Gun control may not stop crime, but statists have another reason to love it.

The latest ATF gun definition is now in effect. Last year, the DOJ, under the guidance of President Joe Biden and Attorney General Merrick Garland, went to work redefining the firearm in a campaign against what the left likes to call “ghost guns.” As usual, anti-gunners exaggerate both the percentage of these homemade weapons and the new regulation’s potential to save lives while downplaying the infringement upon the right to keep and bear arms safeguarded – albeit not nearly as effectively as it once was – by the Second Amendment.

ATF Gun Definition

The new ATF gun definition “makes it clear that parts kits that are readily convertible to functional weapons, or functional ‘frames’ or ‘receivers’ of weapons, are subject to the same regulations as traditional firearms,” according to a press release from the DOJ’s Office of Public Affairs. The regulation change was proposed and posted in the Federal Register in April but was subject to a 90-day open comment period before it could take effect.

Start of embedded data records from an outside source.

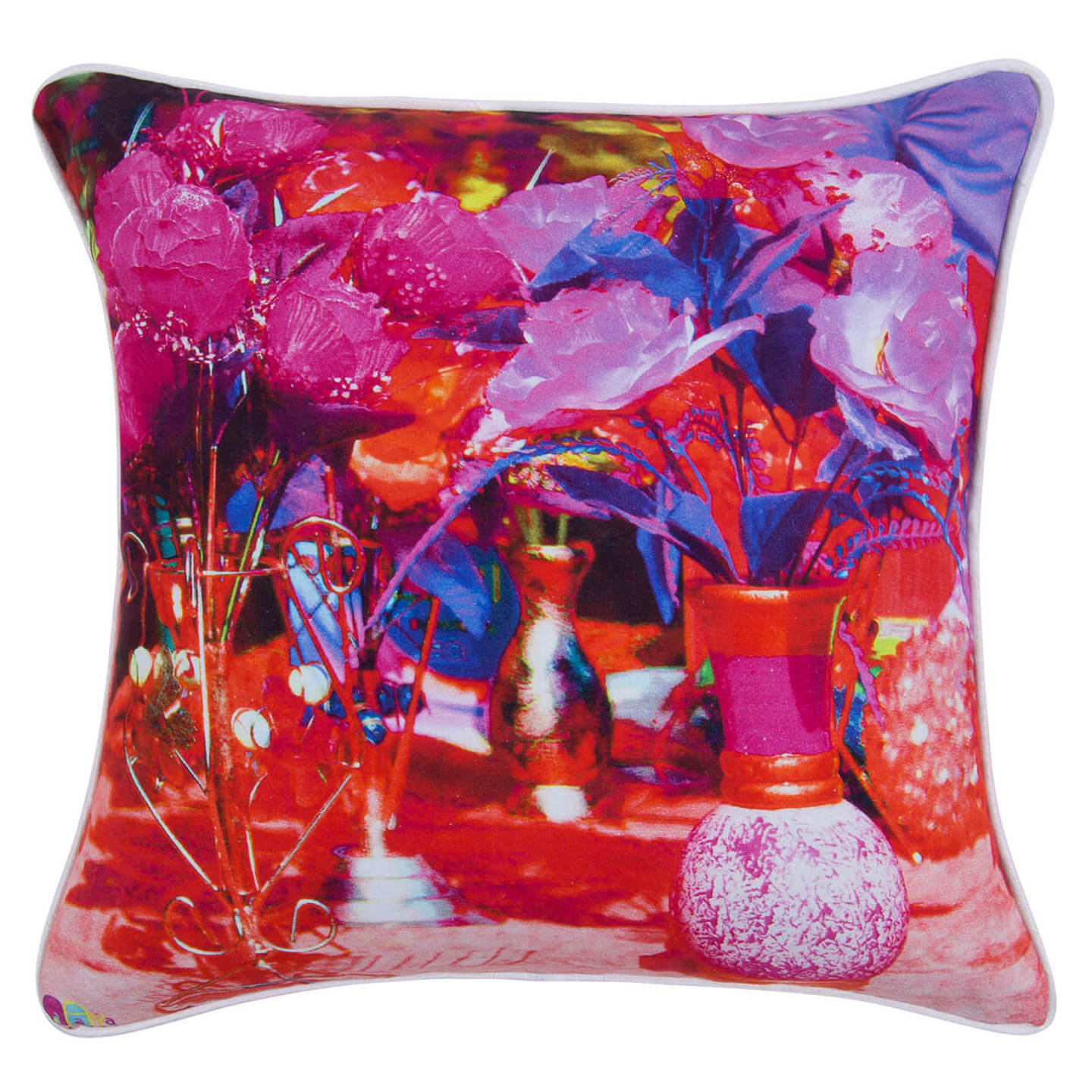 Flower Pot Glaze Cotton Cushion Cover 16x16 Inches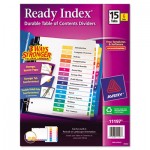 Avery Ready Index Customizable Table of Contents, Asst Dividers, 15-Tab, Ltr, 6 Sets AVE11197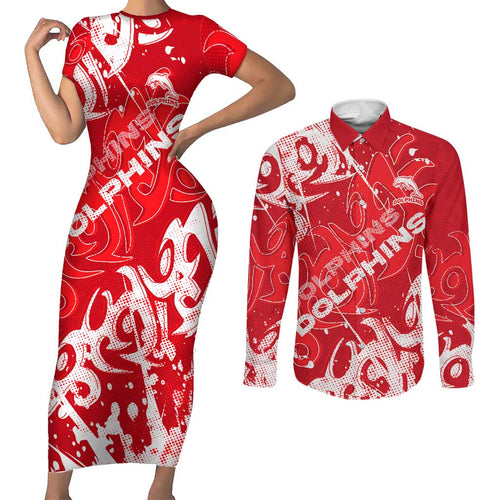 Personalized Dolphins Rugby Couples Matching Short Sleeve Bodycon Dress and Long Sleeve Button Shirt Urban Street Graffiti Style - Distressed Splatter Elements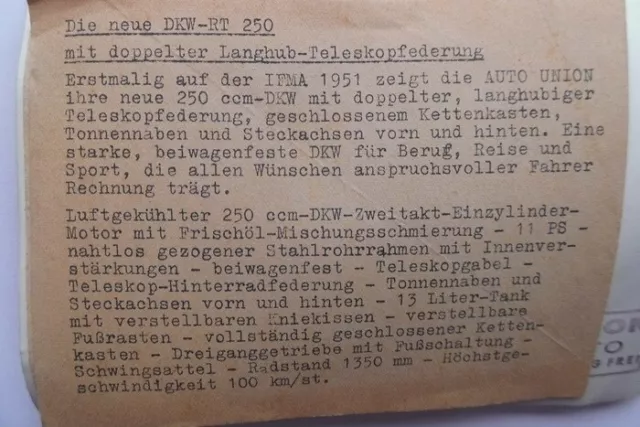 Fotografia DKW-RT 250 Foto di Opera Originale Auto Union Moto circa 1950 3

Under the new rule, background checks will be required on all firearm kits containing even a partially manufactured frame or receiver with which one might “readily make a gun.” Any homemade firearm acquired by a licensed dealer must have a serial number added to it, and federal licensees must keep transaction records as long as they remain open, rather than just 20 years. According to the press release, the ATF received “approximately 45,240 reports of suspected PMFs [privately made firearms] recovered by law enforcement, including 692 homicide or attempted homicide investigations” from January 2016 to December 2021. Consider the implications of those numbers a moment: 45,240 firearms were “recovered” by police that are only suspected of being PMFs during that period, and just 692 of those were involved in homicide or attempted homicide investigations. There were more than 10,000 firearm homicides in 2016 alone, according to Statista, who gathers data from annual reports of the CDC and FBI.

Arguing With a Brick Wall

GettyImages-1408487688 ATF gun definition

(Photo by Kevin Dietsch/Getty Images)

The official DOJ announcement concluded with what had the feel of a boast: “[D]uring the 90-day open comment period, the ATF received more than 290,000 comments, the highest number of comments submitted to a proposed rule in the Justice Department’s history.” Following the link to the final rule and clicking on the comments tab revealed a whopping 249,295 comments, of which a mere 500 can be viewed. Two dozen were chosen at random from the 20 pages available, of which just two offered support for the new rule. The rest ran the gamut from polite requests and logical arguments against the change to insults and allegations of corruption, and from as brief as a single sentence to quite verbose. “Please do not follow with this proposal, it is an infringement on law abiding citizens,” one read. Another two said simply: “Shall not be infringed.”

But it was all for naught. The public commenting period is a mere formality of law; the statists in charge of the executive agency responsible for this novel interpretation of the Second Amendment are only required to accept and publish comments, not act on them. The true benefit of the 90-day wait is that it gives forewarning and a bit of time for people to make their purchases before it’s too late.

Right Solution, Wrong Problem?

The notoriously anti-gun Everytown for Gun Safety has a database tracking shootings with so-called ghost guns. From June 2013 to April 2022, there are 90 incidents reported. A look at Statista and a June 2022 report from Giffords suggests that, in roughly the same span, the number of homicides committed with firearms – not shootings in general – was somewhere in the ballpark of 96,000. So, the so-called ghost guns – which include commercially produced firearms with illegally obscured serial numbers, of course – account for maybe as many as 0.09% of the firearm homicides over nearly a decade.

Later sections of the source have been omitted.